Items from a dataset
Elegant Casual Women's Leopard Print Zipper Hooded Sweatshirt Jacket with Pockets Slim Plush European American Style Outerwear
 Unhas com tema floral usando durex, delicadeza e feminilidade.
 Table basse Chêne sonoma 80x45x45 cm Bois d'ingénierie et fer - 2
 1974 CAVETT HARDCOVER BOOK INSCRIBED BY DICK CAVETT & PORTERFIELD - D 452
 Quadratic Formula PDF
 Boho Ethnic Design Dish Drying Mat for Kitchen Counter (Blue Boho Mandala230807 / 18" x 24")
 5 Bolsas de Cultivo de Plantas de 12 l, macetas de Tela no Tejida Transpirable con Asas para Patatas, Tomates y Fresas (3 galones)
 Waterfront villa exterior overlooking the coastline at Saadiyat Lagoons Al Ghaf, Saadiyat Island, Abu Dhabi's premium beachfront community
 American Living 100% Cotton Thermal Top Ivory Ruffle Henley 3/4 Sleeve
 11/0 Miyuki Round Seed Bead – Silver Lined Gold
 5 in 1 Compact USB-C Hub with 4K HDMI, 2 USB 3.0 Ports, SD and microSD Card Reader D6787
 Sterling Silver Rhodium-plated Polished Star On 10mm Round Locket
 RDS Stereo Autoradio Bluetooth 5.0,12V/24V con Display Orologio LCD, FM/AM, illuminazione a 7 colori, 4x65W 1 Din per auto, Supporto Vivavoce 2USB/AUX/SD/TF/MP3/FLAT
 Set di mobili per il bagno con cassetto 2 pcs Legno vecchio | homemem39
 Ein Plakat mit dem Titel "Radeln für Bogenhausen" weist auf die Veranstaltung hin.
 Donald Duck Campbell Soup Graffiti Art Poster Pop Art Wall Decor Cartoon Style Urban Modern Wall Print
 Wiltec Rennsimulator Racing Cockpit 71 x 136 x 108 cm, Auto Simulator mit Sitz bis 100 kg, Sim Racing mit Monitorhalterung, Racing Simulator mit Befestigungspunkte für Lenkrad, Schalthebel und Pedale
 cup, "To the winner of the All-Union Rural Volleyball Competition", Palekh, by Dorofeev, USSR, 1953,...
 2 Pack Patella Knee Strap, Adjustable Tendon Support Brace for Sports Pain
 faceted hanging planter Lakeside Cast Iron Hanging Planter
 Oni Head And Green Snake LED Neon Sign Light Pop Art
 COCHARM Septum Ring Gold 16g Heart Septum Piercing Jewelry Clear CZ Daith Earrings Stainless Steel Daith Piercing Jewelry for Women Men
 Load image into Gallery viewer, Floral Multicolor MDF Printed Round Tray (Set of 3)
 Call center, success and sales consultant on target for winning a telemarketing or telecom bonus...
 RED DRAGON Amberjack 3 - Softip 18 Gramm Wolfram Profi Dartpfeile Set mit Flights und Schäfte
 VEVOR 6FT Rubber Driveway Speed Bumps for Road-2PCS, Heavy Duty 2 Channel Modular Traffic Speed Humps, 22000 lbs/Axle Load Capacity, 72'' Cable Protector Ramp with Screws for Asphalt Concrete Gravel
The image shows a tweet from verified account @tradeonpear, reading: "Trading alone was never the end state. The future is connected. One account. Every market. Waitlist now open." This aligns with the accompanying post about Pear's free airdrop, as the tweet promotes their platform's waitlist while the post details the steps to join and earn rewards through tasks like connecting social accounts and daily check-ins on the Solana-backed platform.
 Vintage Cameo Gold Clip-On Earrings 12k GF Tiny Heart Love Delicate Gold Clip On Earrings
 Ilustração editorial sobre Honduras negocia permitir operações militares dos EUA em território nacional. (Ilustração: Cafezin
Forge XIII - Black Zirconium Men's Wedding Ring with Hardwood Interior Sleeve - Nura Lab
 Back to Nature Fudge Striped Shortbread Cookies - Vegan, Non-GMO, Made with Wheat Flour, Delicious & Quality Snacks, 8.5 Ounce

TASK ITEM
If a line above includes the string "Earrings", pick it out.

ANSWER SPACE
 COCHARM Septum Ring Gold 16g Heart Septum Piercing Jewelry Clear CZ Daith Earrings Stainless Steel Daith Piercing Jewelry for Women Men
 Vintage Cameo Gold Clip-On Earrings 12k GF Tiny Heart Love Delicate Gold Clip On Earrings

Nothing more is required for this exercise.